> Problem description
Set down each line of the data below exactly as it stands, dropping the pictures.

> Data provided
--------------------
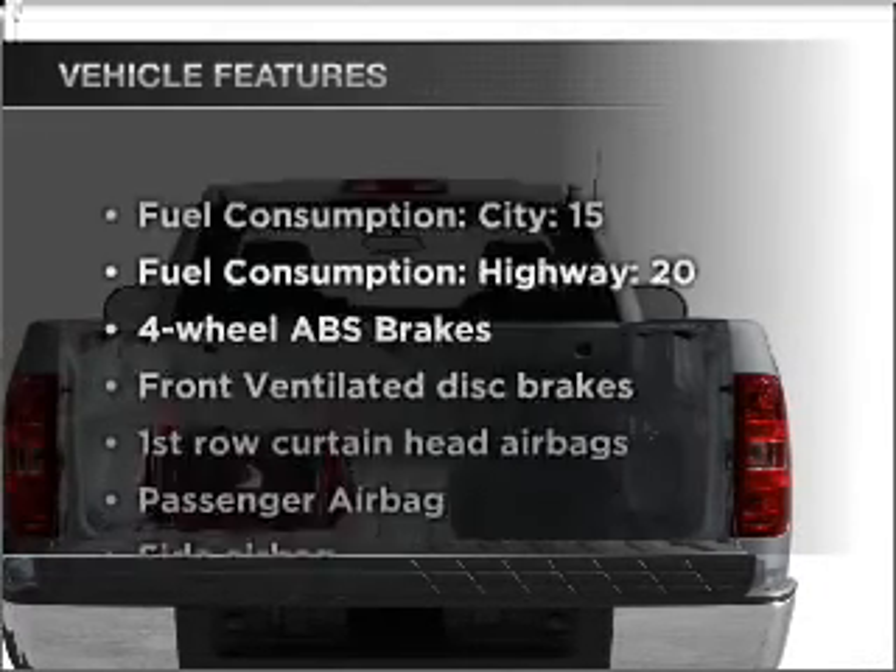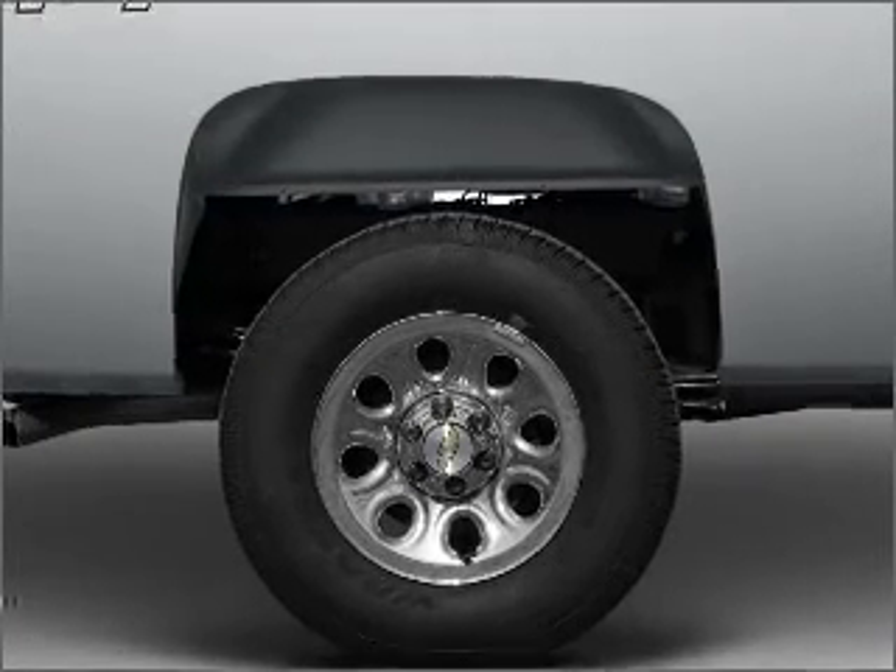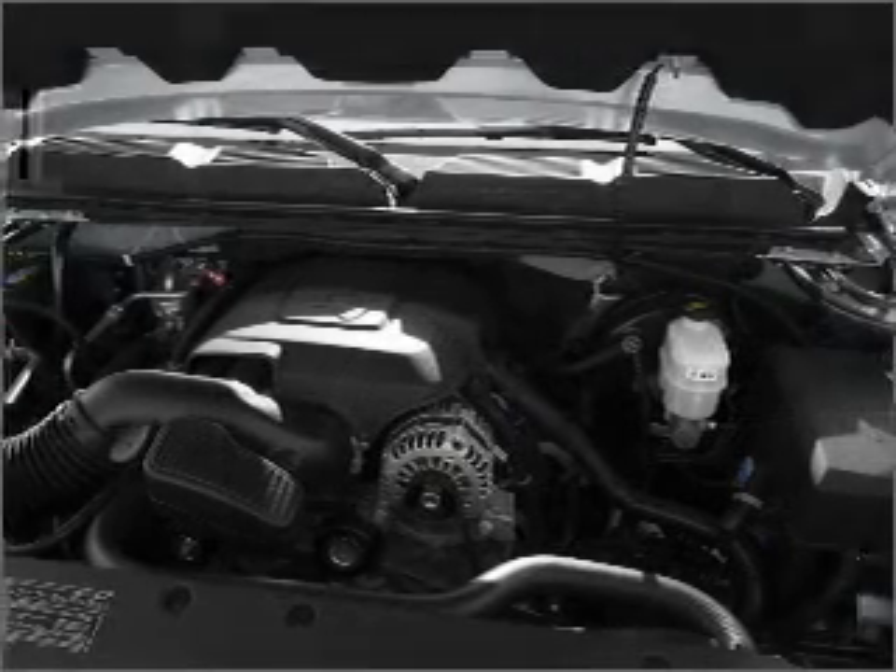Plus enjoy these notable features that are included in this vehicle: air conditioning, power steering, AM-FM stereo, and an adjustable tilt steering wheel.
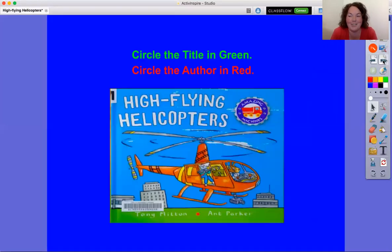High Flying Helicopters. Let's circle the title or name of this book in green. The name of this book is High Flying Helicopters. Now let's circle the name of the author or authors in red. These are the people who wrote the story for us — Tony Mitten and Aunt Parker.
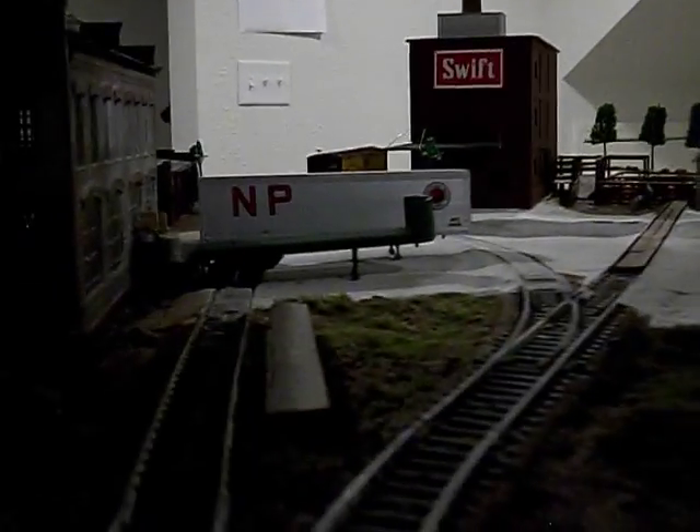Over here we have an area where the gravel dumps out of the hopper cars, and we're loading up some dump trucks here. There's the dry wash coating station.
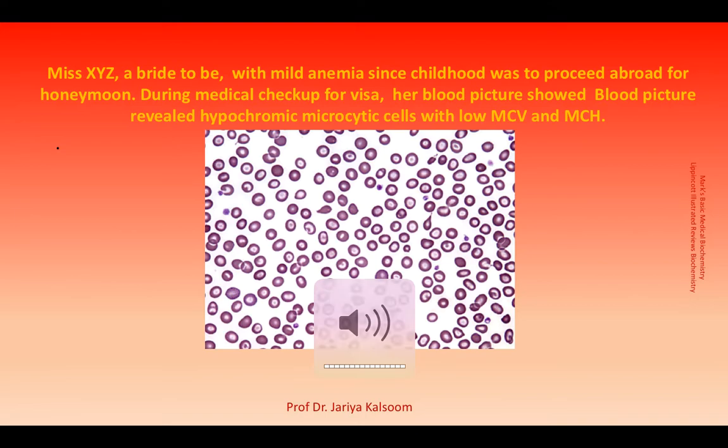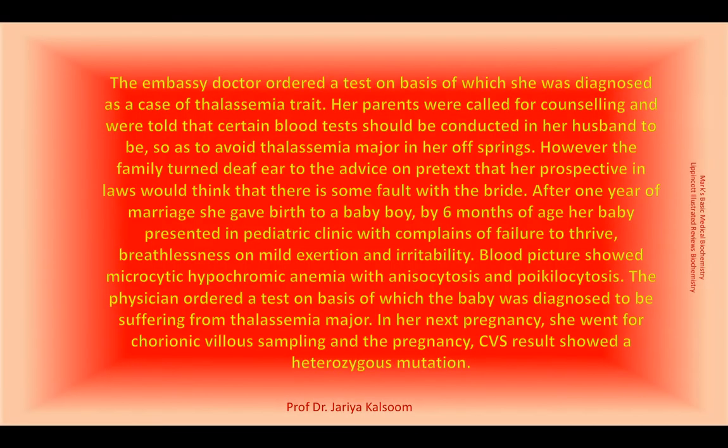This is a clinical scenario of thalassemia trait. Miss XYZ, a bride-to-be, is diagnosed with thalassemia trait. But she, along with her parents, turns a deaf ear to the advice by doctors about checking for thalassemia trait in her husband-to-be, due to the social stigma attached with thalassemia. One and a half years later, she presents with a baby who is diagnosed as a case of thalassemia major.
--------------------
> Response to this exercise
Plus enjoy these notable features that are included in this vehicle: air conditioning, power steering, AM-FM stereo, and an adjustable tilt steering wheel.
High Flying Helicopters. Let's circle the title or name of this book in green. The name of this book is High Flying Helicopters. Now let's circle the name of the author or authors in red. These are the people who wrote the story for us — Tony Mitten and Aunt Parker.
Over here we have an area where the gravel dumps out of the hopper cars, and we're loading up some dump trucks here. There's the dry wash coating station.
This is a clinical scenario of thalassemia trait. Miss XYZ, a bride-to-be, is diagnosed with thalassemia trait. But she, along with her parents, turns a deaf ear to the advice by doctors about checking for thalassemia trait in her husband-to-be, due to the social stigma attached with thalassemia. One and a half years later, she presents with a baby who is diagnosed as a case of thalassemia major.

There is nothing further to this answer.